If you want validation for going back to someone who cheated on you before and after you got married, with your best friend, you came to the wrong place. 

However I do not agree with the name calling, nor beating up anyone, nor exposing people online. Two wrongs don't make one right.


----------



## LetDownNTX

TOOname said:


> Thanks for all the advice.
> 
> First, the good:
> To everyone who gave sound, level-headed advice, thank you so much. I obviously have to tread lightly. After sleeping on it I have decided that I am just going to forget about having my mind made up one way or another and go into both counseling and therapy ready for anything. It is quite likely we will not come out of counseling as a couple and it is quite likely that this is for the best.
> 
> The more I think about it the more I feel that something is just damaged with her. In the past she had always been a genuinely moral person, and this is a complete 180 from her usual behavior. I think there is something very wrong with her that needs fixing before she can think about having a healthy relationship with anyone. If she manages to fix it then maybe we can consider patching things up, but until then she is damaged goods and it's just going to be worse for me if I stay and fix it.
> 
> I will bring all the sentiments here up in counseling and basically state to the counselor that I don't know how this can be saved or even why it should be. She knows more about us personally and can maybe answer some of those questions. At the least it should give us a healthy way to end the relationship, rather than it ending in further trauma.
> 
> It's not like I'm about to go hit the club soon anyways. I need some time to try and be myself again before I can even think of being with anyone else.
> 
> 
> 
> Now the bad:
> For the people saying she manipulated me with the suicide attempt, yeah, quite possibly true. I am still adamant that you do not ignore suicide attempts, however. That is the first thing you learn about dealing with potentially suicidal people.
> 
> To the people saying that I should post everything online and beat the **** out of BF... No. That does not make me feel an ounce better at the end of the day. It is also highly likely to get me in legal trouble.
> 
> To the people calling me beta, cuckold, trying to shame me into making a certain decision etc... That is not the kind of advice I need. You know nothing about me other than this post. If you came here to call me names then screw off.

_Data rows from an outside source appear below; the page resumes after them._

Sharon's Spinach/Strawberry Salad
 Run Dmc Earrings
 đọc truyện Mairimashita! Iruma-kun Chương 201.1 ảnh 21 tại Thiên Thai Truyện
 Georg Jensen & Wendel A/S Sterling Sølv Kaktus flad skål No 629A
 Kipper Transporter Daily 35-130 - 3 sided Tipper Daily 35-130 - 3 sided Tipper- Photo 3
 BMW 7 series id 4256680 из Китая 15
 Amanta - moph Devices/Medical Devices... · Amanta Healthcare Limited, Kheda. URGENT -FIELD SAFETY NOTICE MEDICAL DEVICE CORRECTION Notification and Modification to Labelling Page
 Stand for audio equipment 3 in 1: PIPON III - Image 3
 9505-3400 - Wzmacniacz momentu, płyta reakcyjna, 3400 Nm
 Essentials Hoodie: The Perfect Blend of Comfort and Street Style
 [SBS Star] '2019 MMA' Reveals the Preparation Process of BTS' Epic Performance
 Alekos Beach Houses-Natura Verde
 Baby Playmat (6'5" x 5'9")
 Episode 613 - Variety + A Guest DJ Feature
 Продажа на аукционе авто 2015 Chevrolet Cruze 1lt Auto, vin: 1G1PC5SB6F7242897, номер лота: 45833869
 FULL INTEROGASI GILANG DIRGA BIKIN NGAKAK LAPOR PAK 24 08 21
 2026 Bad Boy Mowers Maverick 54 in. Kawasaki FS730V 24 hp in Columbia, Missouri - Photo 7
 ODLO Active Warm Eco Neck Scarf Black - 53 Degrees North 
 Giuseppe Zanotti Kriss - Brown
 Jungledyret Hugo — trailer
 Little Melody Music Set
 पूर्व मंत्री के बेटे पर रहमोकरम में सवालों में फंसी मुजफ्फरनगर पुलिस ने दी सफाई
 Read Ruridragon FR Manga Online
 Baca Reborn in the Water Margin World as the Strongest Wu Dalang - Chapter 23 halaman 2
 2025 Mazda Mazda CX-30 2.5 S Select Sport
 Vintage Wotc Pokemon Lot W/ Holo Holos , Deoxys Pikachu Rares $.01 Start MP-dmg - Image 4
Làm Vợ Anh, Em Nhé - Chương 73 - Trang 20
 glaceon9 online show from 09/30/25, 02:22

I think you need to go in with an open mind and be prepared for everything but also think long and hard before you make a final decision to stay.

People here tell it like they see it and there are MANY here that only want you to see what they see. Its like a chess game. When you're on the outside looking in you can see every move thats possible and what is the best move. When you're actually playing the game you likely arent seeing the best move.

Everyone yells divorce right off from the beginning because, whether you chose to finalize it or not, taking the time to go and file and show your WS that you're serious makes a HUGE statement. It shows them that you're not willing to just take any old **** or bull**** story and believe what they are saying. Its an eyeopener to the WS and shows them what they have to lose in most cases. At that point your WS would either open her eyes and jump through hurdles to make things right again or you realize she's not really worth it!

Good luck!


----------



## walkonmars

TooName
Right after the honeymoon you noticed things were not right with her. You offered her your best. She bettered herself by going to the gym, buying provocative clothes - what did you get from this? 
-Infrequent and so-so sex
- accusations of 'pressure'
-lies. Lots and lots of lies. 

What did your best friend get? 
EVERYTHING. 
-All her best on a regular basis
-Her toned up body
- her sexy dress
- her heartfelt moans
- her real vows - said in earnest
- a video (which in time could make its way to the internet - who knows who else has a copy?). 

How many days of a faithful marriage did you have? NONE - not one hour, not one minute. It's been a joke, one they both enjoyed at your expense. To this very day she's manipulating you into being her knight in shining armor because she knows you. She knows that's your weakness. You're a nice guy - you won't 'hurt' her. 

Fine, you don't have to hate her. You don't have to be cruel - she's done enough of that for both of you. You should respect yourself. Get a better job, get a better woman - a better life will follow.


----------



## TOOname

keko said:


> Sorry to be blunt but do you not have any self respect? Is this what you deserve or do you deserve so much better then this sham of a marriage/relationship/or whatever it can be called?





bouillon said:


> Again, the amount of disrespect and callousness that it takes to allow your yourself to think that that is even remotely O.K. is incredible. If you agree to try and "fix" this the message you are sending is that she can get away with stuff like this further down the line. Maybe not 1 or 2 years maybe not 10, but in the back of her mind she just got away with the ultimate sin in a relationship and precisely at a time when there is no excuse for it to happen and you STILL considered taking her back...
> 
> Good luck bro.


Both of you touched on something that I think is important, in that we can never have our "old relationship" before she did this to me back. If we ever do more forward as anything together, it has to be a totally new relationship. Just going back to square one and redefining all our rules, trying to spend some time together where we are normal and not a trainwreck, and going from there.

Keko, I have a lot of self respect. I do deserve better. This doesn't mean I'm going to immediately cut and run though.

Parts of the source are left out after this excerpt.